Sebelumnya, BUMN itu juga sudah menjalin kerja sama dengan maskapai penerbangan Belanda, KLM. Uni Eropa sendiri akan menggelar sidang untuk membahas larangan terbang pada bulan depan.

Keputusan dicabut atau tidaknya larangan terbang terhadap maskapai penerbangan dari Indonesia akan mempertimbangkan hasil pengamatan yang dilakukan sebelumnya.

Tunggu sidang UE

Menurut Menhub Jusman Syafii Djamal, saat ini Indonesia tinggal menunggu sidang yang digelar Uni Eropa pada Maret atau April mendatang untuk mengambil keputusan apakah melanjutkan atau mencabut larangan terbang bagi maskapai penerbangan Indonesia.

"Tetapi, mereka pasti susah [mengambil keputusan]. Soalnya, ada 26 negara yang harus diakomodasi suaranya," paparnya seusai sidang kabinet paripurna di Istana Negara, kemarin.

Dia mengatakan yang dilakukan Indonesia saat ini adalah berkonsentrasi meningkatkan standar keselamatan dan keamanan penerbangan.

Di sisi lain, Jusman menilai keputusan Uni Eropa yang menekan Indonesia untuk memperbaiki tingkat keselamatan penerbangan sebagai hal yang aneh. "Tetapi, apa yang sesungguhnya diminta UE hingga saat ini masih belum jelas."

Uni Eropa memang hanya meminta Indonesia untuk mengikuti saran yang mereka berikan.

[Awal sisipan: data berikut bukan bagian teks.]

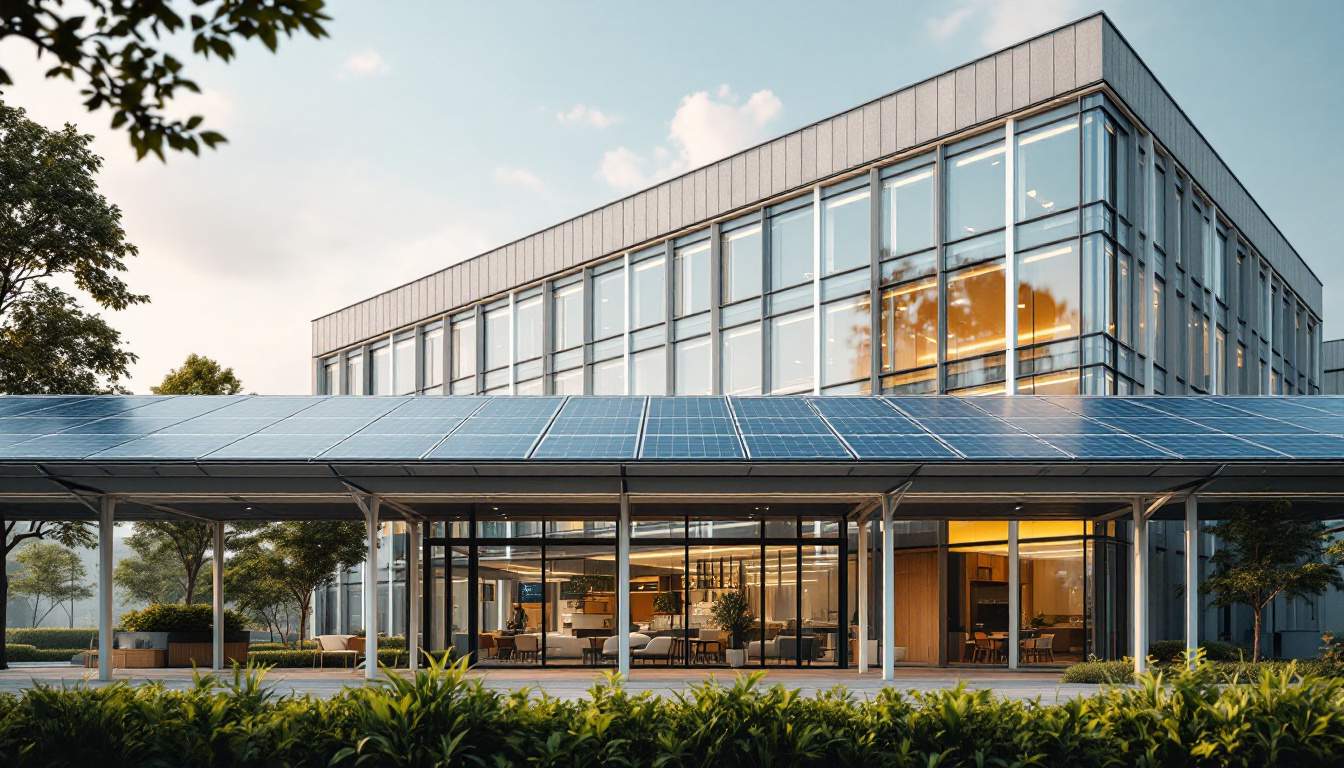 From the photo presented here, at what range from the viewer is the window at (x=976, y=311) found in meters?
28.1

Namun, beberapa masukan yang disampaikan UE, menurut Menhub, sebetulnya justru tidak logis.

Misalnya, permintaan agar Dirjen Perhubungan Udara tidak boleh dibiayai oleh Menteri Perhubungan dengan alasan agar independen, jelas tidak dapat diterapkan oleh Menhub.

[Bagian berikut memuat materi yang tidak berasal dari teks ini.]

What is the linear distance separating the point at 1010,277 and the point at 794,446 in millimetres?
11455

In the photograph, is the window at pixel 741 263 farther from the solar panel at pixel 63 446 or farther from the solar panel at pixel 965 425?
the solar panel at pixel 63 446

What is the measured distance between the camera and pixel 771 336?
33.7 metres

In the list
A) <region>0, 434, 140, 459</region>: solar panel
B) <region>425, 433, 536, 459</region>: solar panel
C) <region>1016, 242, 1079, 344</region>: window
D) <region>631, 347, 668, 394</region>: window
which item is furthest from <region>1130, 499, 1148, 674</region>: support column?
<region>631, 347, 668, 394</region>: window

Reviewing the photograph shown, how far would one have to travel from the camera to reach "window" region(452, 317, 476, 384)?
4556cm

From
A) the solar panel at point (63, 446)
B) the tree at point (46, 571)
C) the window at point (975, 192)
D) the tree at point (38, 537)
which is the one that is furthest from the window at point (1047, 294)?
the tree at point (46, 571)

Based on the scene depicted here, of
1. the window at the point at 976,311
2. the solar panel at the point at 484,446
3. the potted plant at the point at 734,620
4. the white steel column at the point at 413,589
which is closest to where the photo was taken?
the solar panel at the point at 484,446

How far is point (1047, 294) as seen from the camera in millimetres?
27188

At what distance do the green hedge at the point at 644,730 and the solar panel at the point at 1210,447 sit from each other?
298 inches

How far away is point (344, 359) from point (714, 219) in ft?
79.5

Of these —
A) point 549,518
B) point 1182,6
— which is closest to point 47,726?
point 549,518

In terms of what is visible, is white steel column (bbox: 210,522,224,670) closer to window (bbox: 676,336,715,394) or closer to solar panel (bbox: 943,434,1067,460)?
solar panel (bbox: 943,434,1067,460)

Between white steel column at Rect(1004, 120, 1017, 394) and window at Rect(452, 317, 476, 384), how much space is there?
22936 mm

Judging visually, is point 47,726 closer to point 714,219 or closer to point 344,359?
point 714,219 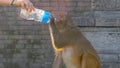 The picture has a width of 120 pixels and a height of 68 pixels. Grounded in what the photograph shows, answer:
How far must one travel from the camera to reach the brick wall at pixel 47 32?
841cm

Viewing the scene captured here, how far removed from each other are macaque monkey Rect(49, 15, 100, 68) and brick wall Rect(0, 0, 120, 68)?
120 inches

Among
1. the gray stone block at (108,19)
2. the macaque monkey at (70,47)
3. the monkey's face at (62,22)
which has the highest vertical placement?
the monkey's face at (62,22)

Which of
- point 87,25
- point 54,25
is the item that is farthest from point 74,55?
point 87,25

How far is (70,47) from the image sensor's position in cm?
533

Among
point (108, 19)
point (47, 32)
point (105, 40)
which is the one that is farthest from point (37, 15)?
point (105, 40)

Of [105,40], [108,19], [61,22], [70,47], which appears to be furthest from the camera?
[105,40]

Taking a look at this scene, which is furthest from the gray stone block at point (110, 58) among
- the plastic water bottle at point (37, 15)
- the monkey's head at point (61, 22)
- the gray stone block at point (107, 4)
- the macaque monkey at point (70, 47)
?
the plastic water bottle at point (37, 15)

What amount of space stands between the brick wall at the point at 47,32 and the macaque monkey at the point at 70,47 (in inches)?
120

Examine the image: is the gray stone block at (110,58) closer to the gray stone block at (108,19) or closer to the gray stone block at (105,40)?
the gray stone block at (105,40)

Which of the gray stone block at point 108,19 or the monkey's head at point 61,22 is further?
the gray stone block at point 108,19

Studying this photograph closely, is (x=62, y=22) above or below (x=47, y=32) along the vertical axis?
above

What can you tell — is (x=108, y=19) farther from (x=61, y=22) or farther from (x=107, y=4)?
(x=61, y=22)

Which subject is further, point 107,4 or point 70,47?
point 107,4

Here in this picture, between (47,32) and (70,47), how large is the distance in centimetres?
318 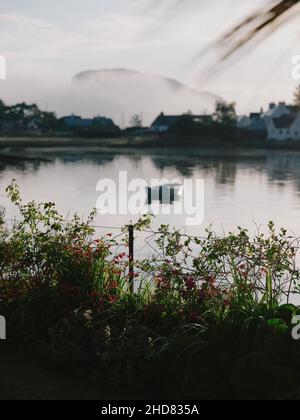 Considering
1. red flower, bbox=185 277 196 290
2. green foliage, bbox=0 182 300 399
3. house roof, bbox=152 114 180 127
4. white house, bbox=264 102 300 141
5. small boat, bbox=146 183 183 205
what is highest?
house roof, bbox=152 114 180 127

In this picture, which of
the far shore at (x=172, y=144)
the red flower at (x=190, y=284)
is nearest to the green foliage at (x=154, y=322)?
the red flower at (x=190, y=284)

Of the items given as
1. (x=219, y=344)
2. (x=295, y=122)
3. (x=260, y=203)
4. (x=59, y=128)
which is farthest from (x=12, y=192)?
(x=59, y=128)

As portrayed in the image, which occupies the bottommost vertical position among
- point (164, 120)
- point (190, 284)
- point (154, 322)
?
point (154, 322)

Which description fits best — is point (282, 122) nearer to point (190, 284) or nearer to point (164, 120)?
point (164, 120)

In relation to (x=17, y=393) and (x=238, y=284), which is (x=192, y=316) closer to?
(x=238, y=284)

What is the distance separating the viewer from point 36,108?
566 feet

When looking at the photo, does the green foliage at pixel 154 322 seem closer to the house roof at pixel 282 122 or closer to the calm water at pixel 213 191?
the calm water at pixel 213 191

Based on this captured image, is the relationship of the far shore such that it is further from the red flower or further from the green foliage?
the red flower

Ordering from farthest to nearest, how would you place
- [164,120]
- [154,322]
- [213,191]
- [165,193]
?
[164,120]
[213,191]
[165,193]
[154,322]

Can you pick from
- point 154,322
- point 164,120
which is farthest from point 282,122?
point 154,322

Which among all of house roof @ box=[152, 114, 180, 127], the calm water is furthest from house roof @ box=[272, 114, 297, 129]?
the calm water

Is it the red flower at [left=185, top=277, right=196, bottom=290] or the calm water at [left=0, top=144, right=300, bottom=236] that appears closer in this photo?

Jusman menegaskan seharusnya dalam memberikan penilaian terhadap maskapai penerbangan di Indonesia, Uni Eropa berkonsentrasi pada sisi operasional saja.

"Dengan berbagai ketidaksesuaian tersebut, kedua pihak [Indonesia dan Uni Eropa] masih perlu bertemu kembali," tutur Menhub.